**RECORDS SUPPLIED:**

__________

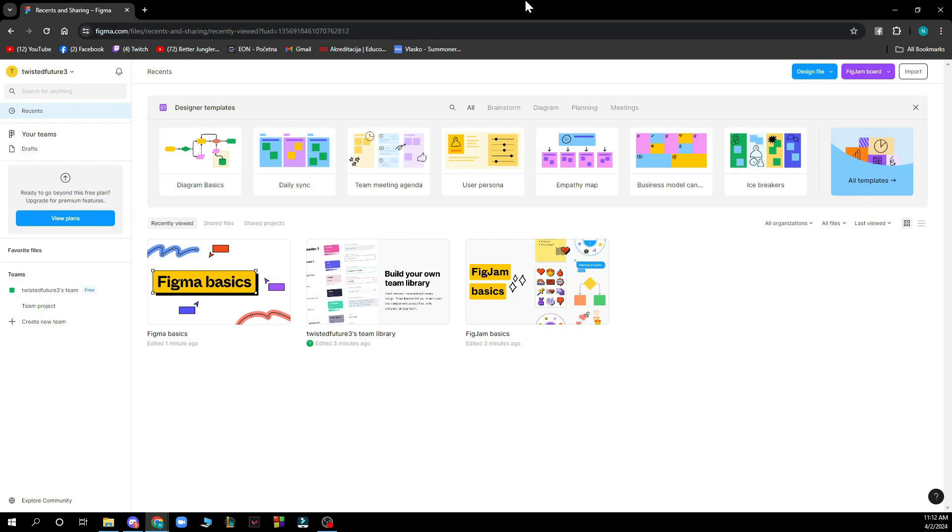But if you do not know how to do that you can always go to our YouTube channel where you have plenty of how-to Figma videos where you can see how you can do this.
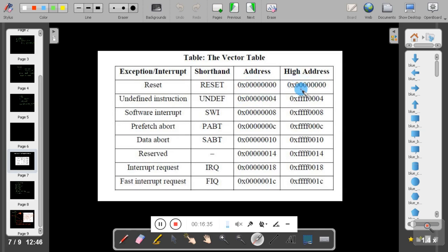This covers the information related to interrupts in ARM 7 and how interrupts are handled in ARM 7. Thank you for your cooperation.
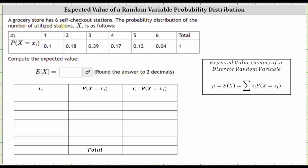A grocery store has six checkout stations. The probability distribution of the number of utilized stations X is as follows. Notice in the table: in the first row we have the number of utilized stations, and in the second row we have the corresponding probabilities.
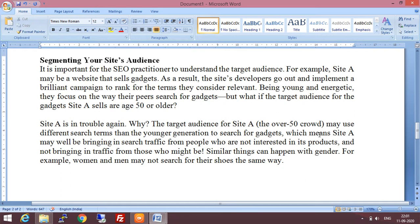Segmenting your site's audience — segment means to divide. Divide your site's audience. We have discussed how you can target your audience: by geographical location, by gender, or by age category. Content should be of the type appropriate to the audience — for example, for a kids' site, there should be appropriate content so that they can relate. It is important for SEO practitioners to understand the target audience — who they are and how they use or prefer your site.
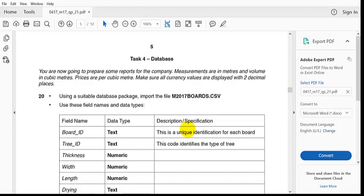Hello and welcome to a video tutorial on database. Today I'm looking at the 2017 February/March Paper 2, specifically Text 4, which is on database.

__________

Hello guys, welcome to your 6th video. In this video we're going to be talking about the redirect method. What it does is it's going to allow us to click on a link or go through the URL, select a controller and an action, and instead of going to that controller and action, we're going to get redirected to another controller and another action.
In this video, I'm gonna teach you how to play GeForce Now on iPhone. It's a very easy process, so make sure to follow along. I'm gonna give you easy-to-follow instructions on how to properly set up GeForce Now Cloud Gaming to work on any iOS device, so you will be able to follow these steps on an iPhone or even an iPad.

__________

**YOUR INSTRUCTIONS:** Transcribe, from the material above, the stretch starting at the line with "A grocery store" and ending at the line with "Hello and welcome", both included, exactly. Do not carry over pictures.

**RESPONSE TO THIS TASK:**
A grocery store has six checkout stations. The probability distribution of the number of utilized stations X is as follows. Notice in the table: in the first row we have the number of utilized stations, and in the second row we have the corresponding probabilities.
Segmenting your site's audience — segment means to divide. Divide your site's audience. We have discussed how you can target your audience: by geographical location, by gender, or by age category. Content should be of the type appropriate to the audience — for example, for a kids' site, there should be appropriate content so that they can relate. It is important for SEO practitioners to understand the target audience — who they are and how they use or prefer your site.
Hello and welcome to a video tutorial on database. Today I'm looking at the 2017 February/March Paper 2, specifically Text 4, which is on database.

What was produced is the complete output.